Now that the stack of Info objects has been seeded, you follow the traversal algorithm I described earlier. You pop the top assembly Info object off the stack, load it into memory using the Assembly.Load method, get all of its referenced dependencies using the GetReferencedAssemblies method, and push their associated Info objects onto the stack. This process continues until all unique instances of referenced assemblies in the assembly dependency tree have been accounted for. For the dependency tree in Figure 3, after StoreAssemblyReferenceInfo finishes, the return ArrayList object will hold {A 0}, {B 1}, {C 1}, {E 2}, {F 2}, {I 3}, {J 3}, {D 1}, {G 2}, {H 2}.

Figure 5 Graph Structure

Figure 5** Graph Structure **

.NET assembly references can actually form a graph structure rather than a tree (see Figure 5). Because the StoreAssemblyReferenceInfo method does not store duplicate values, it will create a virtual tree structure rather than a graph structure. In practice, this approach has proven to be useful and effective. If you need to, you can easily modify the code presented here to store assembly dependencies as a graph structure. Instead of using an Info object that contains just an assembly name and the assembly tree level, you would create a Node object that stores the assembly name (as a string) and all assembly references (as an ArrayList for example). Because graph structures do not have standard traversal orderings, you can simply store all the Node objects in an ArrayList object and iterate through the list.

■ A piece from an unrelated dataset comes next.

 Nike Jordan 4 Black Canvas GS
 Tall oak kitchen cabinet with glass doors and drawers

Here it's assumed that all referenced assemblies can be successfully loaded. The Assembly.Load(assemblyString) method will throw one of the following exceptions if the assembly cannot be loaded:

ArgumentNullException - assemblyString is a null reference. FileNotFoundException - assemblyString is not found. BadImageFormatException - assembly assemblyString is not a valid assembly. SecurityException - The caller does not have the required permission.

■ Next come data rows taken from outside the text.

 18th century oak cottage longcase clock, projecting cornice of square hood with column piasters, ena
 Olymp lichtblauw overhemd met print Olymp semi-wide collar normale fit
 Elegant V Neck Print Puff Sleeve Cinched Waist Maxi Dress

You may want to catch these exceptions, print a warning message, and continue execution even though your resulting dependencies output will not be accurate.

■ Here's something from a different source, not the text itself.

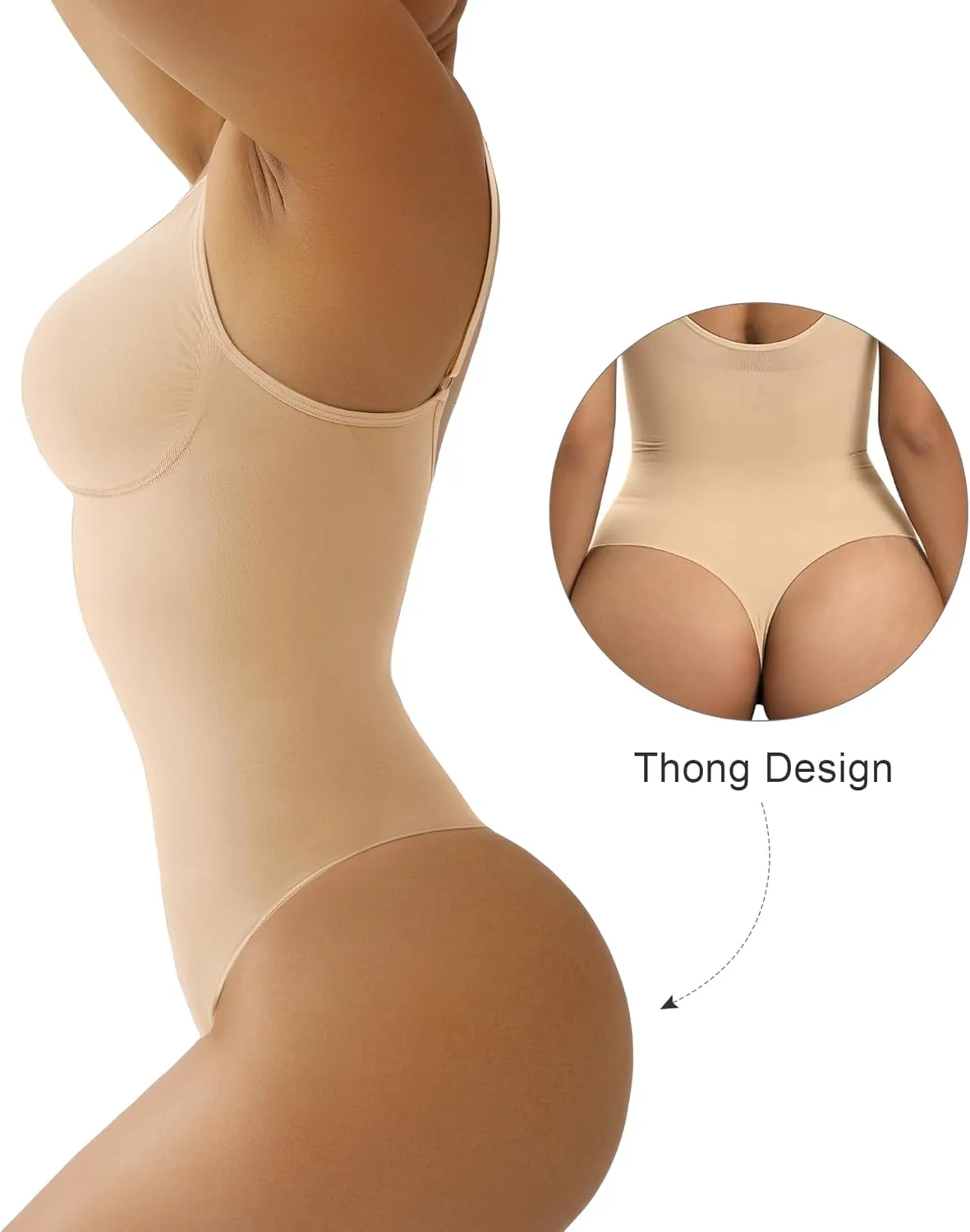 SHAPERX Women's Shapewear Bodysuit Tummy Control Body Shaper Seamless Sculpting Snatched Waist Body Suit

Outputting .NET Assembly Dependencies

With the assembly dependencies information (name and level) saved in pre-order fashion in an ArrayList object, you have great flexibility in output. Suppose you just want a simple text display to the command shell. You can write this method:

static void DisplayReferencedAssembliesAsText(string targetAssemblyPath) { ArrayList results = StoreAssemblyReferenceInfo(targetAssemblyPath); foreach(Info info in results) { Console.WriteLine(info.Name.PadLeft( info.Name.Length + info.Level * 2, ' ')); } }

And call it along the lines of:

string path = @"C:\Here\There\TargetAssembly.exe"; DisplayReferencedAssembliesAsText(path);

You simply use the assembly-level information to format output, indenting twice as many spaces as the level number. If applied to Figure 3, the output on the console shell will resemble:

A B C E F I J D G H

Suppose you want more sophisticated output. SaveReferencedAssemblies (see Figure 6) takes an ArrayList of assembly Info objects stored in pre-order fashion and produces an XML file.

Figure 6 Outputting Assembly Dependencies as XML

static void SaveReferencedAssembliesAsXML( string targetAssemblyPath, string fileName) { ArrayList results = StoreAssemblyReferenceInfo(targetAssemblyPath); XmlTextWriter xtw = new XmlTextWriter(fileName, Encoding.Unicode); xtw.Formatting = Formatting.Indented; xtw.WriteStartDocument(); xtw.WriteStartElement("Assemblies"); // write XML-required root node int pendingEndTags = 0; for (int i = 0; i < results.Count-1; ++i) // all but last node { Info curr = (Info)results[i]; Info next = (Info)results[i+1]; if (next.level == curr.level) // sibling up ahead { xtw.WriteStartElement("Assembly"); xtw.WriteAttributeString("Name", curr.name); xtw.WriteEndElement(); } else if (next.level > curr.level) // child ahead { xtw.WriteStartElement("Assembly"); xtw.WriteAttributeString("Name", curr.name); ++pendingEndTags; } else if (next.level < curr.level) // last child { xtw.WriteStartElement("Assembly"); xtw.WriteAttributeString("Name", curr.name); xtw.WriteEndElement(); for (int j = 1; j <= curr.level - next.level; ++j) { xtw.WriteEndElement(); --pendingEndTags; } } } // take care of pesky last node Info last = (Info)results[results.Count-1]; xtw.WriteStartElement("Assembly"); xtw.WriteAttributeString("Name", last.name); xtw.WriteEndElement(); for (int j = 1; j <= pendingEndTags; ++j) xtw.WriteEndElement(); xtw.WriteEndElement(); // write end of required XML root node xtw.Close(); }

The SaveReferencedAssemblies routine traverses through the ArrayList of assembly Info objects looking at the current node and the next node in the list. If the level of the next node is equal to the level of the current node, that means the current node has a sibling, so you can emit the complete node as XML with a start tag and an end tag. If the level of the next node is greater than the level of the current node, the current node has children, so you emit only the start node of an XML element. And if the level of the next node is less than the level of the current node, that means the current node is the last node in a group of siblings, so you need to emit the entire node and also emit end element tags. The number of XML end element tags necessary will be equal to the difference between the levels of the current and next nodes.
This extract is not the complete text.